An exact copy is needed of the lines in the entries below from the line with "TOMEX brakes TX" up to and including the line with "For iPhone XS", and of nothing else. Leave the pictures out.

The data:
==*==

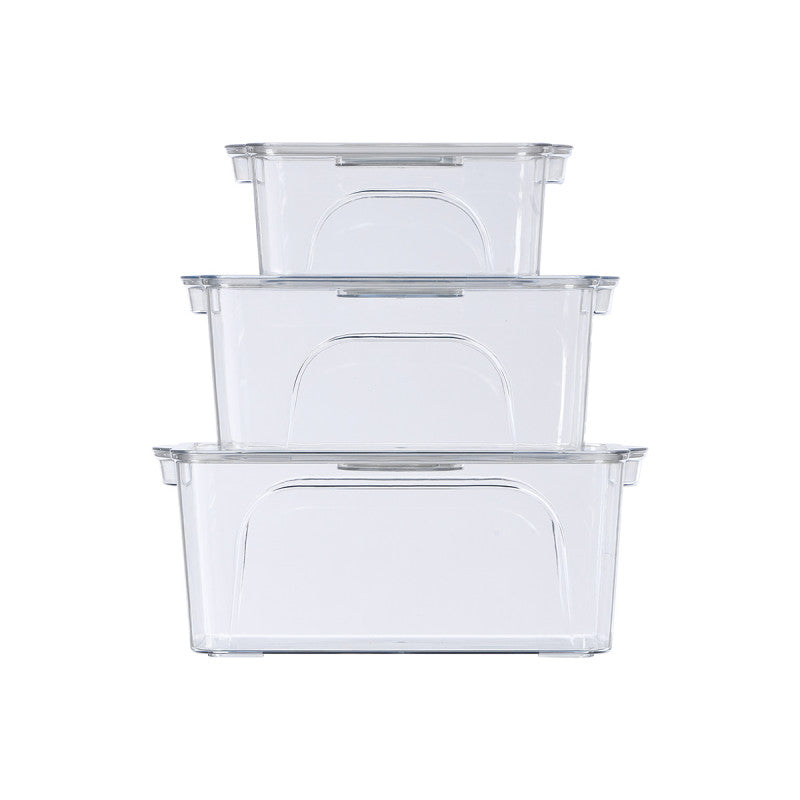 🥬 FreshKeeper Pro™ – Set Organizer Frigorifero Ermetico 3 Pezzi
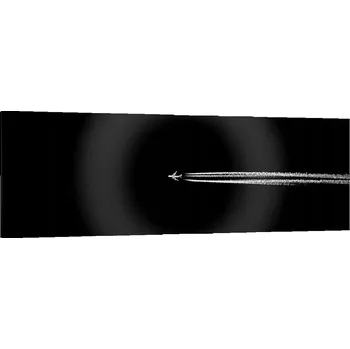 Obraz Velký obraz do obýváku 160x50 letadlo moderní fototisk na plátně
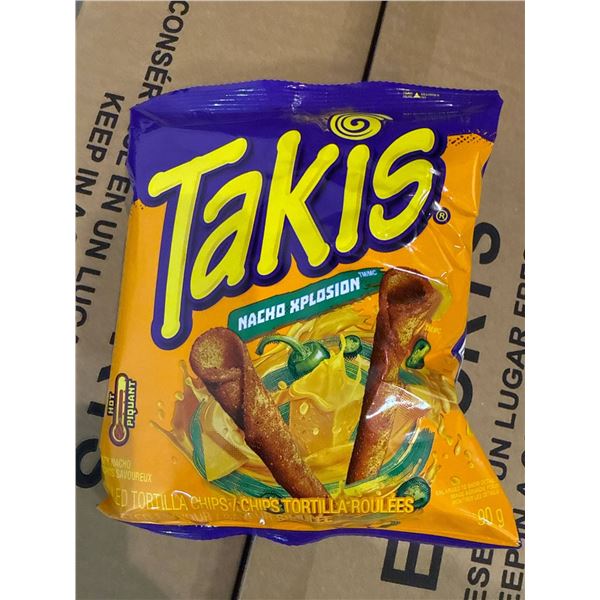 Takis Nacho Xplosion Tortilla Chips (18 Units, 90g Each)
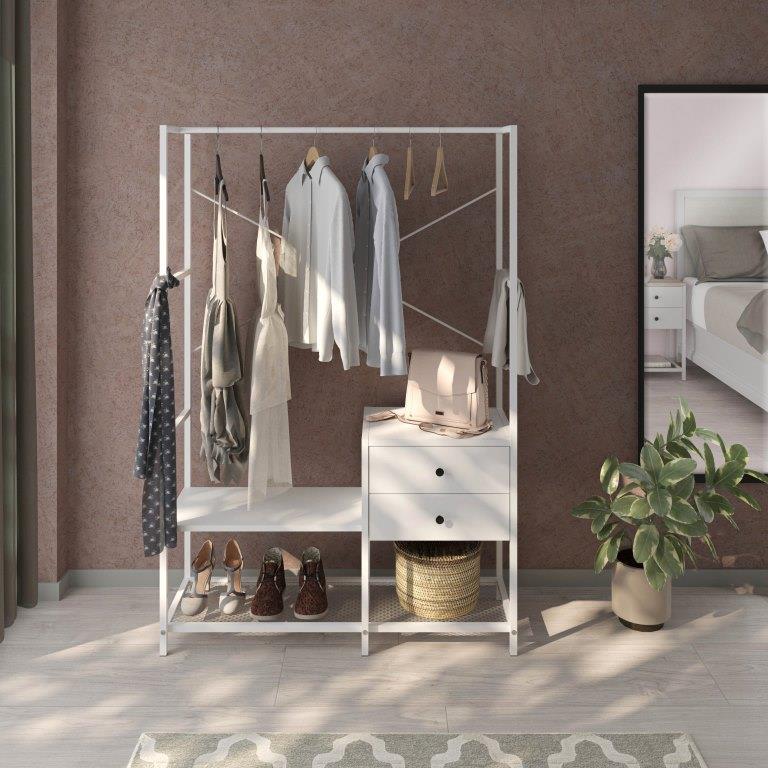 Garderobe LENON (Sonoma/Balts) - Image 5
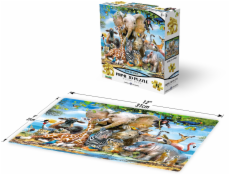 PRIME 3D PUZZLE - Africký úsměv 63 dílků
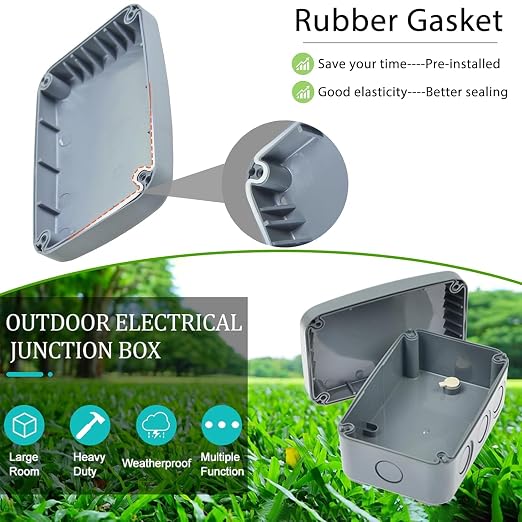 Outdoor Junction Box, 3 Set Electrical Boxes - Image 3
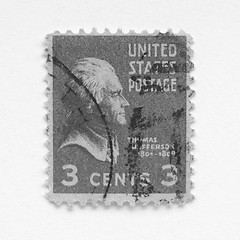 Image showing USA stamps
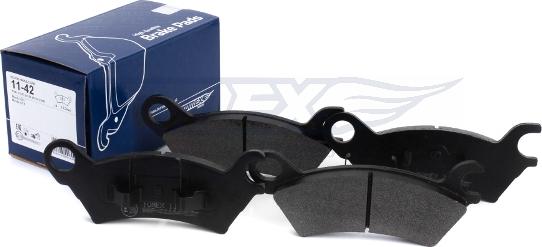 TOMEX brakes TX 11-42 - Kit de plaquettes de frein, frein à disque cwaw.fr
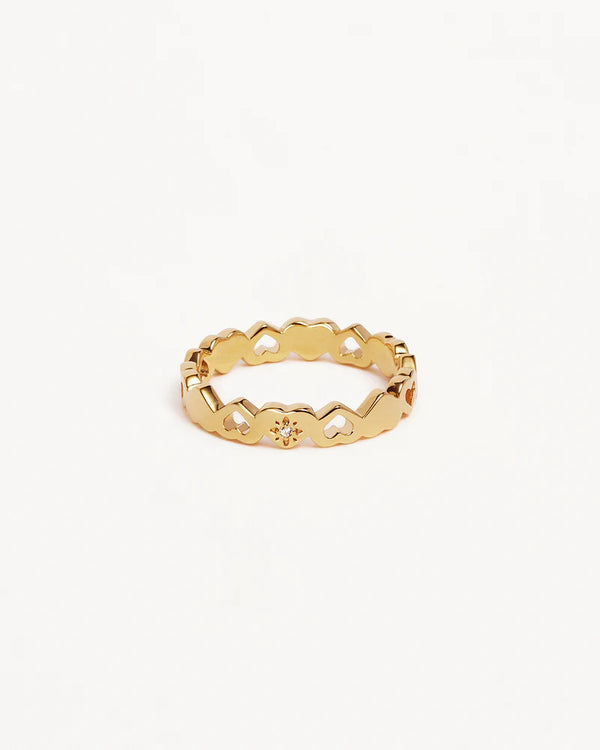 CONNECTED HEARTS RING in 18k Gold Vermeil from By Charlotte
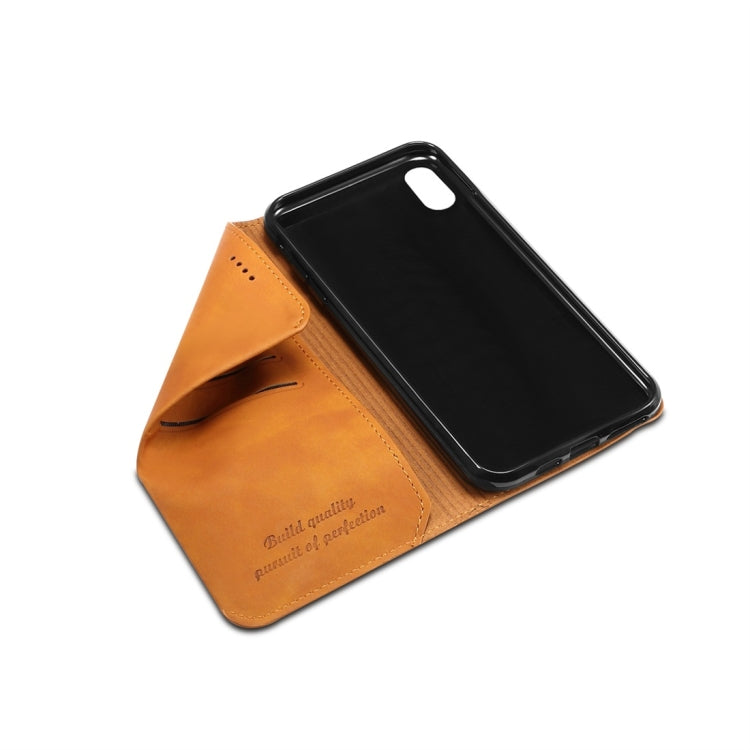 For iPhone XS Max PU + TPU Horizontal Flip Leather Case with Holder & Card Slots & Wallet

==*==

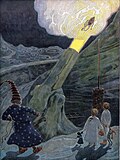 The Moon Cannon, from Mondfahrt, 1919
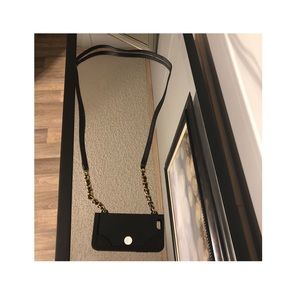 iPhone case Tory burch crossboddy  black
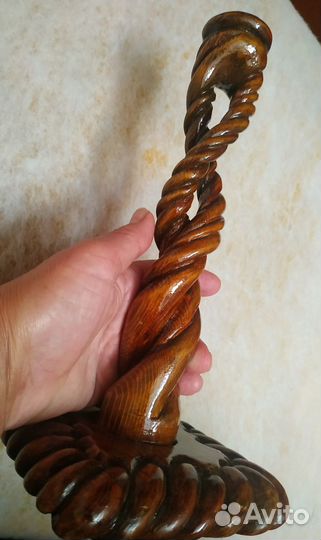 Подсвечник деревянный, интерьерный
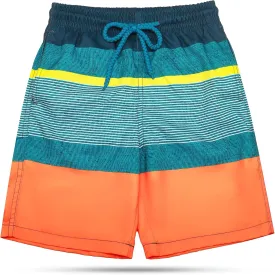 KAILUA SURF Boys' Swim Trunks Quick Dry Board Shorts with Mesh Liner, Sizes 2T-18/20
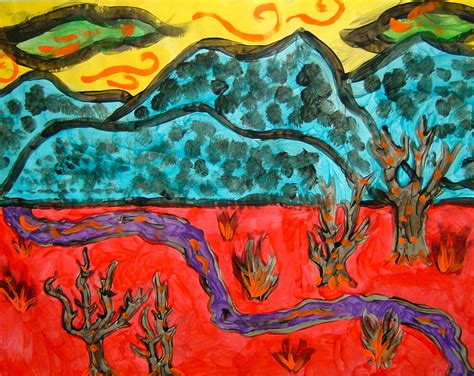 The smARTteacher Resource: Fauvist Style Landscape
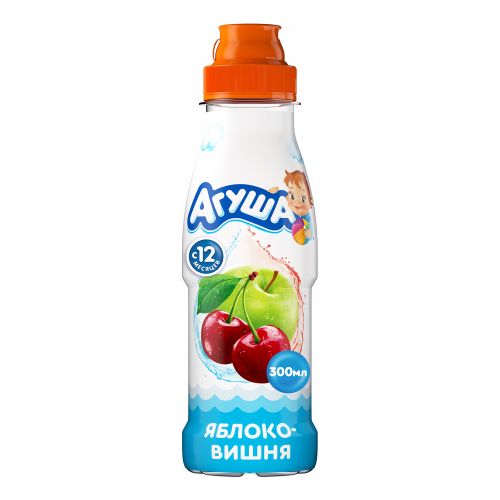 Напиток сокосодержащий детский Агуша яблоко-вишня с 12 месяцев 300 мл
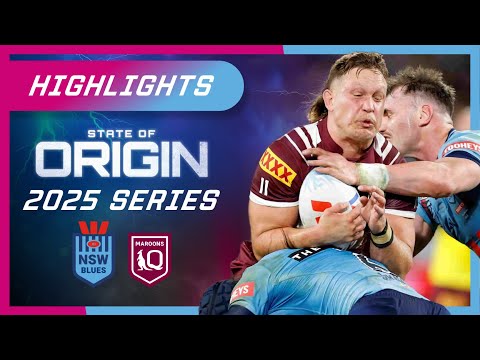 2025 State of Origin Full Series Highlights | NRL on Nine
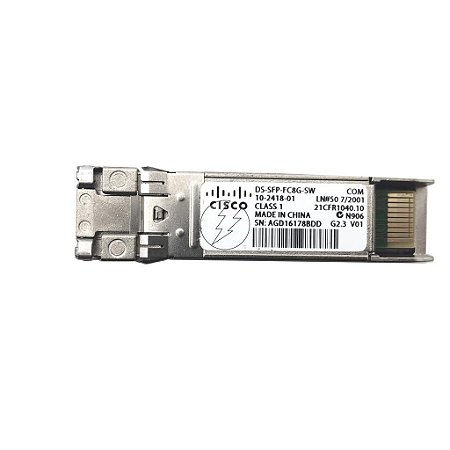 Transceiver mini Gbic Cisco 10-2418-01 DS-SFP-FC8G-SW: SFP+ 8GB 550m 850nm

==*==

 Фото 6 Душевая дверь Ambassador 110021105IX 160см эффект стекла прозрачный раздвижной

==*==

Task answer:
 TOMEX brakes TX 11-42 - Kit de plaquettes de frein, frein à disque cwaw.fr
 CONNECTED HEARTS RING in 18k Gold Vermeil from By Charlotte
 For iPhone XS Max PU + TPU Horizontal Flip Leather Case with Holder & Card Slots & Wallet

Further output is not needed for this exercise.